FIG. 1 shows configurations of the lower endless belt 12 and each pulley 14 in a state
where the upper endless belt 13 and the pulleys 15 on and between which the upper
endless belt 13 is extended are dismounted from the sheet transport mechanism 10.
[0029] Next, a configuration of the first sheet shifting mechanism 20 will be described
in detail with reference to FIG. 1 to FIG. 3. The first sheet shifting mechanism 20
shifts, in the width direction, the sheet which is transported in a state of being
gripped between the paired upper and lower endless belts 12 and 13 of the sheet transport
mechanism 10. More specifically, as shown in FIG. 1 and FIG. 2, the first sheet shifting
mechanism 20 includes skew rollers 22, 24 that are skewed relative to the extending
direction (that is, the up-down direction in FIG. 1) of the transport path 2. When
the sheet that is transported in a state of being gripped between the paired upper
and lower endless belts 12 and 13 contacts with the skew rollers 22, 24, the sheet
is shifted in the width direction. As shown in FIG. 1, in the plurality of skew rollers
22 and 24, the direction in which each first skew roller 22 is skewed relative to
the extending direction of the transport path 2 and the direction in which each second
skew roller 24 is skewed relative thereto, are different from each other. As shown
in FIG. 1, the pair of left and right first skew rollers 22 are disposed so as to
be aligned along the width direction, and the pair of left and right second skew rollers
24 are disposed so as to be aligned along the width direction. The second skew rollers
24 are disposed downstream of the first skew rollers 22 in the sheet transporting
direction in the transport path 2. The first skew rollers 22 are rotated in synchronization
with each other by a driving motor 23m described below. The second skew rollers 24
are rotated in synchronization with each other by a driving motor 25m described below.
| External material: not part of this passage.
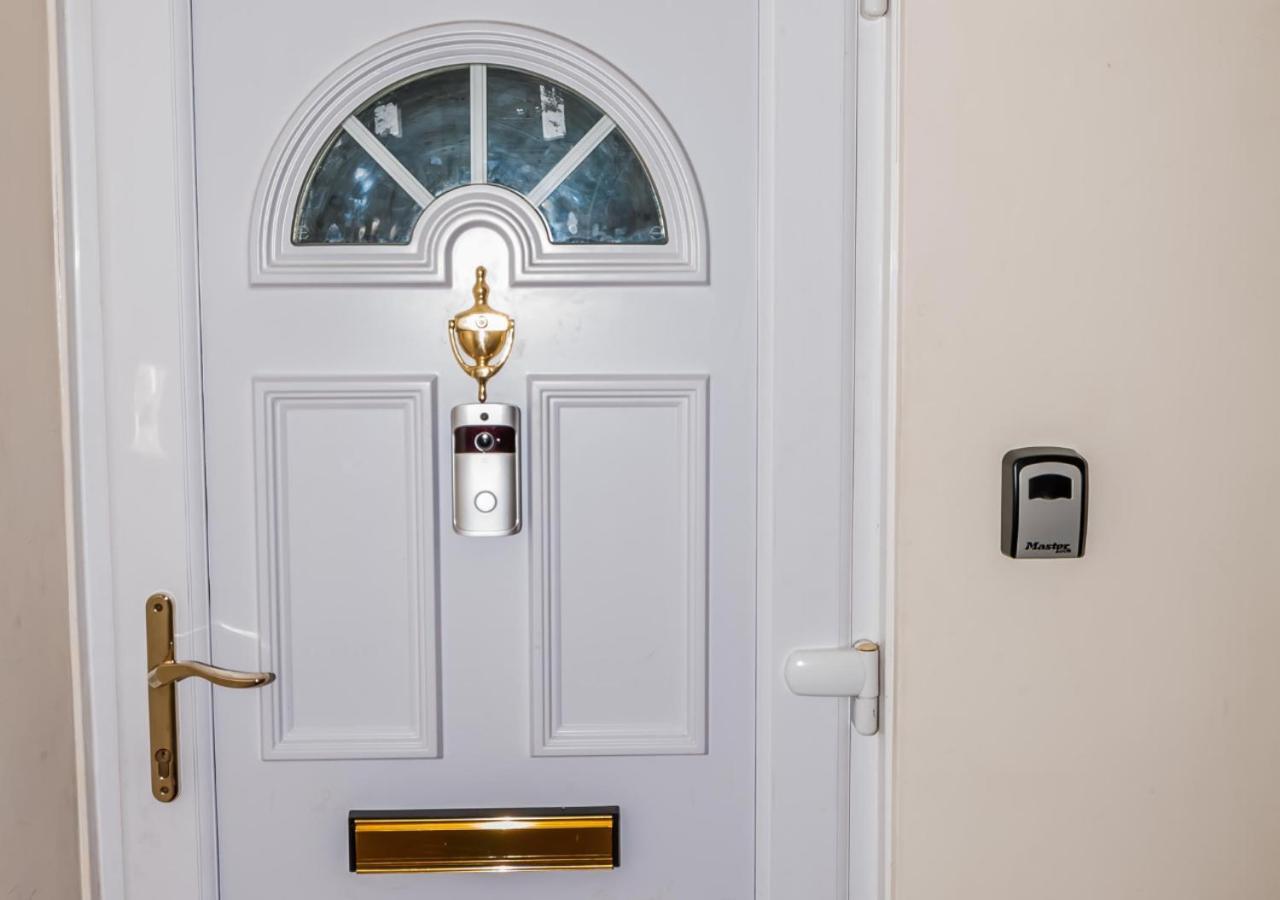 2 Bed Apartment-5 Guests - Business-Relocation-Parking - The Brighton Short Stay & Serviced Apartments Εξωτερικό φωτογραφία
[0030] As described below, each first skew roller 22 and each second skew roller 24 are
movable in the up-down direction in FIG. 2 independently of the skew rollers oriented
in the other directions. Specifically, each first skew roller 22 and each second skew
roller 24 are movable between a shift position (indicated by a solid line in FIG.
2) at which the roller contacts with the surface of the sheet transported along the
transport path 2, and a retracted position (indicated by an alternate long and two
short dashes line in FIG. 2) at which the roller is retracted upward from the transport
path 2 and does not contact with the surface of the sheet transported along the transport
path 2. Furthermore, a friction member such as rubber is disposed on the outer circumferential
surface of each of the skew rollers 22, 24. When each of the skew rollers 22, 24 contacts
with the surface of the sheet transported along the transport path 2, a friction force
caused between the sheet and each of the skew rollers 22, 24 is higher than a friction
force caused between the sheet and the pair of upper and lower endless belts 12 and
13. Therefore, the sheet is moved along the orientation (that is, the orientation
of the skew relative to the extending direction of the transport path 2) of the skew
rollers 22, 24 due to the friction force caused between the sheet and each of the
skew rollers 22, 24. Thus, in a case where the sheet transported along the transport
path 2 contacts with the first skew rollers 22 when the first skew rollers 22 are
each positioned at the shift position and the second skew rollers 24 are each positioned
at the retracted position, the sheet is shifted in the leftward direction in FIG.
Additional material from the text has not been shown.